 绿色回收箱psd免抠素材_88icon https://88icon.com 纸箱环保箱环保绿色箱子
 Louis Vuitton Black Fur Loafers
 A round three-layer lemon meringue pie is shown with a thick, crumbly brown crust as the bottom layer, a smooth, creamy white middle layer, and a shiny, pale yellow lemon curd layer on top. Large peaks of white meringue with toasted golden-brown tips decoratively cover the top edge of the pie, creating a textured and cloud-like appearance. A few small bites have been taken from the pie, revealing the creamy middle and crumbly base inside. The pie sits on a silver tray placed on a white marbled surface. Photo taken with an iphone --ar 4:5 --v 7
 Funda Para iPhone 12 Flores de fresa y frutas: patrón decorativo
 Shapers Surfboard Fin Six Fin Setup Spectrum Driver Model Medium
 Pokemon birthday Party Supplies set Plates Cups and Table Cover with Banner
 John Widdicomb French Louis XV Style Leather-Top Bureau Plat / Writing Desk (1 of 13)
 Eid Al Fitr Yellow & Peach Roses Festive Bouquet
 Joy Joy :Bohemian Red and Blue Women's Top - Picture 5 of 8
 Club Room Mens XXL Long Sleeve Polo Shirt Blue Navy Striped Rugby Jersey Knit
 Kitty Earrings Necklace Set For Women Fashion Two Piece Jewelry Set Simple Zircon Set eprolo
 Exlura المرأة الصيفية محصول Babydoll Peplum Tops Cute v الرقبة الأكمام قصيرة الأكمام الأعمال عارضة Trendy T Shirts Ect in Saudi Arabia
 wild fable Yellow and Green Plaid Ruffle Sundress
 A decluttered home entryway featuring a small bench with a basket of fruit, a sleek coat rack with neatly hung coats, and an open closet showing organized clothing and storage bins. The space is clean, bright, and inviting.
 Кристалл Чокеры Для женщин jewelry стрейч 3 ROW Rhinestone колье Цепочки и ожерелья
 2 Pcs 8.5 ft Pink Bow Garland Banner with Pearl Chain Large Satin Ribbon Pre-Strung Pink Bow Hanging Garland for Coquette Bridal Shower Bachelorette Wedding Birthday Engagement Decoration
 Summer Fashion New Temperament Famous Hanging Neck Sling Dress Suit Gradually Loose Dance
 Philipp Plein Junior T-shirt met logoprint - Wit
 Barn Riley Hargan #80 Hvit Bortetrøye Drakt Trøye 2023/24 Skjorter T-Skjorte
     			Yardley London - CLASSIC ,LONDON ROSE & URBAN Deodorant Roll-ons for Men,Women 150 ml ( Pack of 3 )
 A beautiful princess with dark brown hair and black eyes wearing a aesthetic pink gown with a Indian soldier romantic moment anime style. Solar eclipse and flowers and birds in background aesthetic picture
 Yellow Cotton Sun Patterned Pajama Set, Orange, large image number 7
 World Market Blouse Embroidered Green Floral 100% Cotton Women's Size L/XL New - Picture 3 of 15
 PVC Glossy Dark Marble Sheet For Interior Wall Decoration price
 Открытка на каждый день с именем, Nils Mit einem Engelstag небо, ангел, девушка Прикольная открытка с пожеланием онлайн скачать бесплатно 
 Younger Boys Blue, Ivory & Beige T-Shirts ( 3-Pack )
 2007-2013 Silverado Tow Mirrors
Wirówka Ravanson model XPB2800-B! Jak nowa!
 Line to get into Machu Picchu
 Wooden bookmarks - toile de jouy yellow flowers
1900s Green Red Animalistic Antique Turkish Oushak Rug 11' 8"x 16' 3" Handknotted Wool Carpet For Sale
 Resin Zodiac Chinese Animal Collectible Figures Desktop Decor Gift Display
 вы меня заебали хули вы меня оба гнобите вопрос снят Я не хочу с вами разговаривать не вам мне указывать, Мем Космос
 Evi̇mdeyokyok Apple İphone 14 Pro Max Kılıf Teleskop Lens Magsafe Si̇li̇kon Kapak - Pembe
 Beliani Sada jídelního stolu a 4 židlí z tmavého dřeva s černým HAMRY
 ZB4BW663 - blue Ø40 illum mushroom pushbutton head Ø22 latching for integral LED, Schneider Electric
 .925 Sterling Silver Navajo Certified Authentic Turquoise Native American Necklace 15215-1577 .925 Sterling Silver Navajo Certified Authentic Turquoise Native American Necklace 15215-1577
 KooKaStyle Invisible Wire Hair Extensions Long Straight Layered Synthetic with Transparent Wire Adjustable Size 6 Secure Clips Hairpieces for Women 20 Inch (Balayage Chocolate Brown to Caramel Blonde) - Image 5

------------------------------------------------

Please retype the data exactly as it stands, from its first line down to the line that contains "Louis Vuitton Black Fur Loafers", then stop.

 绿色回收箱psd免抠素材_88icon https://88icon.com 纸箱环保箱环保绿色箱子
 Louis Vuitton Black Fur Loafers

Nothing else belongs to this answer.